The Hendersonville Film Society will show The Hound of the Baskervilles Sunday, Aug. 24, at 2 p.m. in the Smoky Mountain Theater at Lake Pointe Landing Retirement Community (behind Epic Cinemas), 333 Thompson St., Hendersonville.
Although not part of the official Conan Doyle canon, THE 7% SOLUTION and Nicol Williamson portray Holmes as one pretty addicted detective.
I don’t accept it as a Sherlock Holmes story, though.
And indeed it isn’t, but the review reads “Cushing is the only actor I’ve seen play him as an addict”. You didn’t specify “in the original stories”
I don’t even accept it as Holmes, though. I like Peter Cook better.
It is indeed a shame that further Fisher Holmes films never eventuated (aside from that odd Lee-starring German language thing). Cushing is absolutely magnetic in this, and even thought he did great work as Holmes in the BBC TV series a few years later, I think the team of him, Fisher and Morell was hard to top.

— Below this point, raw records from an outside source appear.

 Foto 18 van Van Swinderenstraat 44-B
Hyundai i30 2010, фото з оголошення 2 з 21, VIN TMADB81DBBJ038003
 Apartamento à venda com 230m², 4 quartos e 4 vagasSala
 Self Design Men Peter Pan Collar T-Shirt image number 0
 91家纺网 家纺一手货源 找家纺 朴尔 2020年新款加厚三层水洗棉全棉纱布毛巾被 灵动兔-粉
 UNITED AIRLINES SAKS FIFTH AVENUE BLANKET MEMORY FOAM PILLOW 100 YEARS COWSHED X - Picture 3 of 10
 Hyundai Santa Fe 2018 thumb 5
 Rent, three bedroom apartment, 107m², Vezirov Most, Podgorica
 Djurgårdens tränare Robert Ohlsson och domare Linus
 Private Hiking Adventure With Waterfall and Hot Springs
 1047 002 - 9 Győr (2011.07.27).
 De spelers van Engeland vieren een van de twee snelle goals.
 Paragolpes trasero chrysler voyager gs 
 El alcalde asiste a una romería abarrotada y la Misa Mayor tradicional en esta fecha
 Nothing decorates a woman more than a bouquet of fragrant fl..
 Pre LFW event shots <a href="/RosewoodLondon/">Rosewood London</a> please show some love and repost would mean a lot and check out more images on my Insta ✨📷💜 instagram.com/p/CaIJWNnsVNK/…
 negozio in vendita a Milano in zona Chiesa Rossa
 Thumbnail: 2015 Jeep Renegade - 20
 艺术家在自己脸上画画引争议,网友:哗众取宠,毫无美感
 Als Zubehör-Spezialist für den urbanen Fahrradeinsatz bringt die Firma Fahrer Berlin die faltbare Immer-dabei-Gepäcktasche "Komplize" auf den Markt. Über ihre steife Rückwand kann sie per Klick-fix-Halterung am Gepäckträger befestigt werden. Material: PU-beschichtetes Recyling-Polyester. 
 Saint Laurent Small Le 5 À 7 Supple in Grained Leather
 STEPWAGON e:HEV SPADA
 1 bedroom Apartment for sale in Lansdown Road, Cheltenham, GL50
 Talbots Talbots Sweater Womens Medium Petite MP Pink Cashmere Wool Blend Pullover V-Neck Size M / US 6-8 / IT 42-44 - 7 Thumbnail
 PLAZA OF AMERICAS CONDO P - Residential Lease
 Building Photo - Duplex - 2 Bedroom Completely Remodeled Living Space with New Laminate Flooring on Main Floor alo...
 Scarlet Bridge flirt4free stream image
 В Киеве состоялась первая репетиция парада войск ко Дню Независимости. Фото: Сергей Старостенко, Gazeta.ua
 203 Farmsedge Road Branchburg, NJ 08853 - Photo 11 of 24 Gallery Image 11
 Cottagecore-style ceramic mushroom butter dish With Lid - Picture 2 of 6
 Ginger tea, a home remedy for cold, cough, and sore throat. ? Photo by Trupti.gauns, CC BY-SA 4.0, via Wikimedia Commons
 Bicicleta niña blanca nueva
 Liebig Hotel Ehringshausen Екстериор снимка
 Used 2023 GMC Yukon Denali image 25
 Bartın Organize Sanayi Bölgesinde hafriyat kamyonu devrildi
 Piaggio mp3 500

This and the Howard Hawks directed THE BIG SLEEP are the two films that I’m most disappointed didn’t generate franchises.
Well, The Big Sleep somewhat begat The Big Lebowski.
I try not to hold that against it.
Yeah, but I wanted a Bogart-starring FAREWELL MY LOVELY, THE HIGH WINDOW, THE LADY IN THE LAKE and (especially) THE LONG GOODBYE.
You are far keener on Chandler than I am. Or maybe Bogart.
The Cushing BBC Holmes series was mentioned; it is interesting to compare Cushing’s movie version of Holmes in this tale to the way he portrayed Holmes in the BBC adaptation of the same story. Cushing was a lot less animated and energetic (no cocaine?) a Holmes in the television version than he was in the film version. I agree that this is probably the best take of ‘Hound…’
Cushing would play Holmes one last time (when he was 71) in the 1984 TV movie MASKS OF DEATH with John Mills as Watson.